Up in the Air has a lot it wants to say. Wrapped around the tropes of a sophisticated, adult romantic comedy, the film is timely with its statements about a corporate culture that would rather outsource its own responsibilities than do its most basic house cleaning.
Director Reitman even includes a few brief interview scenes with non-actors who have actually been let go due to the economic downturn of the last year.

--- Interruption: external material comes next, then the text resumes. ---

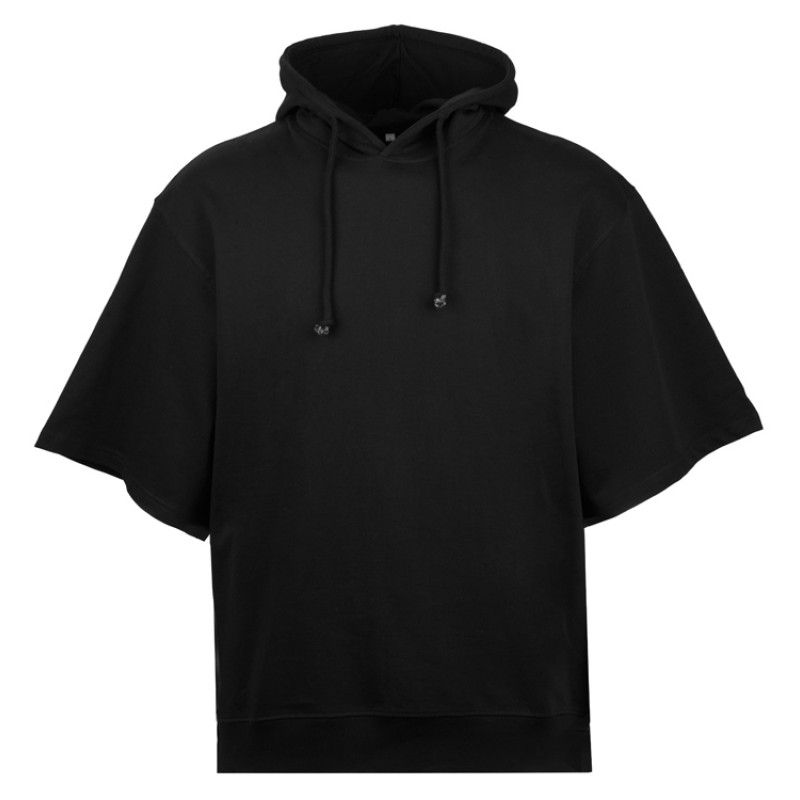 Худи оверсайз с коротким рукавом «Warsaw» унисекс, черный Худи оверсайз с коротким рукавом «Warsaw» унисекс, черный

The cold, calculated nature of corporate self-preservation is hardly revelatory. Nor is the idea that landing on the wrong side of change is as much a matter of choice as circumstance. But they make for a nice framework on which to drape the film's resonant theme. That in an ever increasingly complex technological culture, the hardware we use to stay conveniently, yet more tangentially connected actually separates us from real human bonds that provide more to soften the harsh realities than we could ever give ourselves. Ice that cake with some good performances and a healthy dose of laughs, and you have a confection that's perfectly entertaining and much lighter than its well-timed sub-plots and themes would suggest.
Reitman guides the proceedings with his usual, that is to say, remarkably good eye for character, dialogue (Diablo Cody, aside) and performance.

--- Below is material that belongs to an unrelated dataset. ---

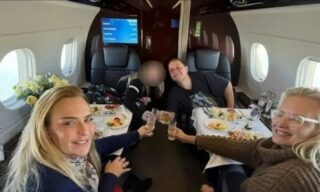 Lulinha aparece com Roberta Luchsinger em jatinho de mais de US$ 20 milhões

I've liked every film he's done to one degree or another based mostly on how he taps each of those elements, creating breezy comedies with emotional heft that never seem to pull the obvious strings. Reitman loves giving his characters arcs that are never completely predictable, making them more believable even when you can see portents they are blind to as they begin to cast off the status quo of their lives.
Yet, Reitman rarely undermines his characters with obvious plot devices, making the whole endeavor a more richly textured film than your average situational rom-com.

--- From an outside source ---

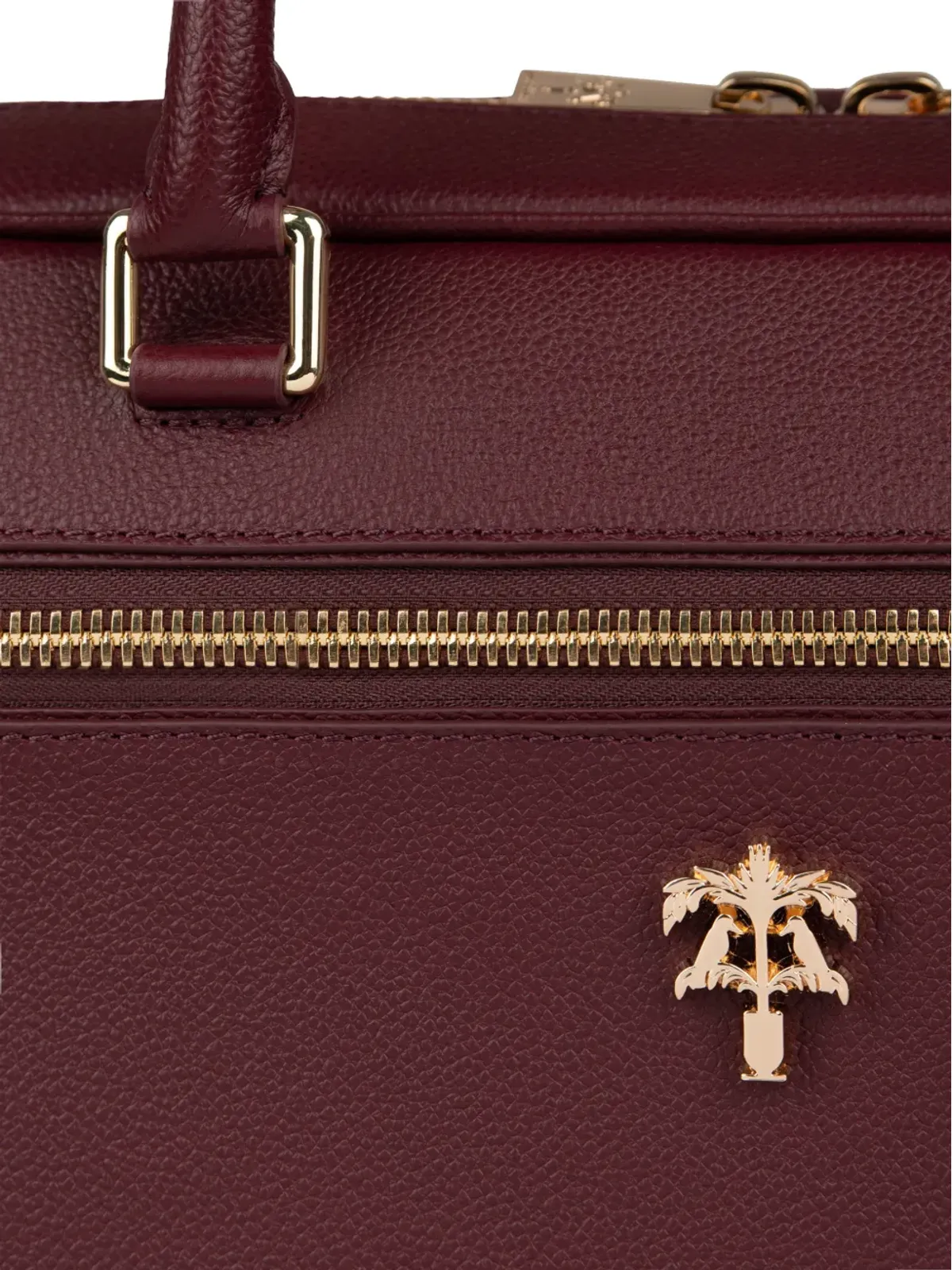 PLACE OF ËLMS crest grained leather briefcase - Red - 画像3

Clooney mugs it up a bit much, if only to contrast the emotional void his character must feel. As Ryan Bingham, Clooney is everything you'd expect: smooth, handsome and just a little too satisfied with himself. But Clooney is a fine actor, who can get across an emotional range with his somewhat economical tool kit and give layers to a character intended to be as shallow as a kiddie pool.
Vera Farmiga glows with wonderfully assured sexiness and charisma, which she's always had in spades. As Alex Goran, Farmiga is a natural as a fetching, old soul whose enticing charms are well protected by a moat of emotional distance, embodied in her gorgeous, glacial eyes. I could watch this woman read a phonebook for two hours.
Anna Kendrick as Natalie Keener, Ryan's protégé, is appropriately fresh-faced and witty, while never quite registering as anything more than that. It's hard to shine next to wattage like Clooney and Farmiga's. The character is well written, and Kendrick turns in an able performance; though I could think of a couple of other up-and-comers that might have been a better fit for the role. Mila Kunis comes to mind, immediately.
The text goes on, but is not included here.